Mit einer emotionalen Rede hat sich EU-Kommissionschef Jean-Claude Juncker nach fünf Jahren Amtszeit verabschiedet und seine Erfolge herausgestrichen. «Ich scheide aus dem Amt nicht betrübt, nicht übermässig glücklich, aber im Gefühl, mich redlich bemüht zu haben».
Das sagte der 64-Jährige am Dienstag im EU-Parlament in Strassburg. «Ich war stolz darauf, während langer Zeit und vor allem in den letzten fünf Jahren ein kleines Teilchen eines grösseren Ganzen zu sein, das wichtiger ist als wir.»
Der Luxemburger erinnerte daran, dass die Europäische Union vor allem auch ein Friedensprojekt sei. «Frieden ist nicht selbstverständlich, und wir sollten stolz darauf sein, dass Europa den Frieden erhält», sagte er. Darüber müsse man auch mit jungen Menschen reden.
«Bekämpft den dummen Nationalismus!»
Seinen Nachfolgern gab er mit auf den Weg: «Bekämpft mit aller Kraft den dummen Nationalismus.» Und schloss seine Rede mit den Worten: «Es lebe Europa!»
Juncker scheidet offiziell zum 1. November aus dem Amt, führt aber noch die Geschäfte, bis seine Nachfolgerin Ursula von der Leyen starten kann.
Der frühere luxemburgische Regierungschef war 2014 nach Brüssel gewechselt. In seine Amtszeit fallen etliche Krisen, darunter die Euro-Schuldenkrise, die 2015 fast zum Rauswurf Griechenlands aus der Eurozone geführt hätte, und die Flüchtlingskrise 2015. Der grösste Rückschlag war die Brexit-Entscheidung in Grossbritannien 2016, die die Gemeinschaft seither fast pausenlos beschäftigt.
Investitionen dank Juncker-Plan
Juncker verwies zum Abschied vor allem auf Erfolge des 2014 von ihm gestarteten Investitionsprogramms, des sogenannten Juncker-Plans. Die damit abgesicherten Investitionen hätten 1,1 Millionen zusätzliche Arbeitsplätze geschaffen und die Wirtschaft in der Europäischen Union um 0,9 Prozent stärker wachsen lassen als.
Das sei zwar kein Allheilmittel gewesen, doch könne man darauf stolz sein, sagte Juncker.

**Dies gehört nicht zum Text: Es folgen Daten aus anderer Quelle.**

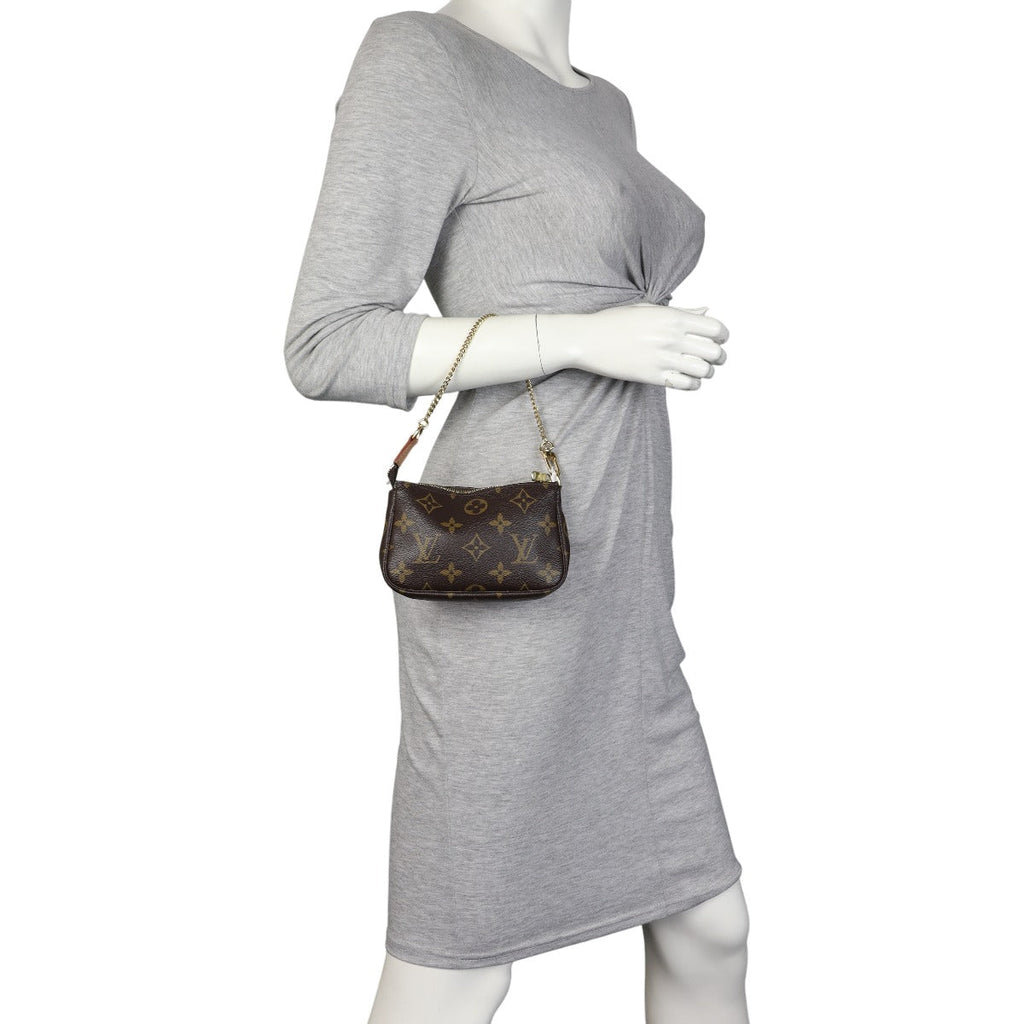 Louis Vuitton Mini Pochette Accessoires Monogram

Insgesamt wurden über einen mit 21 Milliarden Euro bestückten Fonds nach Angaben der EU-Kommission Investitionen in Höhe von 439,4 Milliarden Euro mobilisiert.
Darüber hinaus unterstrich Juncker die sozialere Ausrichtung der EU. Wichtig sei ihm zudem gewesen, Griechenland in der Eurozone zu halten und engere Beziehungen zu Afrika zu knüpfen. Seine EU-Kommission habe Vorschläge zur Migrationspolitik erarbeitet und insgesamt 15 internationale Handelsabkommen geschlossen.
Wie ein Luxemburger Trump die EU erklärt
Juncker erinnerte an sein Treffen mit US-Präsident Donald Trump im Juli 2018, bei dem er den Handelskonflikt mit den USA entschärft hatte. Er habe Trump damals erläutert, dass allein die EU-Kommission für die gemeinsame Handelspolitik zuständig sei, was der US-Präsident mit Interesse zur Kenntnis genommen habe. «Wenn man als Luxemburger in Washington sitzt und sagt, ich bin der entscheidende Mann, dann ist das quasi noch nie dagewesen», scherzte Juncker.
Der Start der neuen Kommissionschefin von der Leyen verzögert sich, weil ihr Personalpaket für die künftige Kommission noch nicht vollständig ist. Drei designierte Kommissare scheiterten im Nominierungsverfahren. Frankreich, Rumänien und Ungarn müssen nun neue Kandidaten präsentieren. Als möglicher neuer Starttermin gilt der 1. Dezember.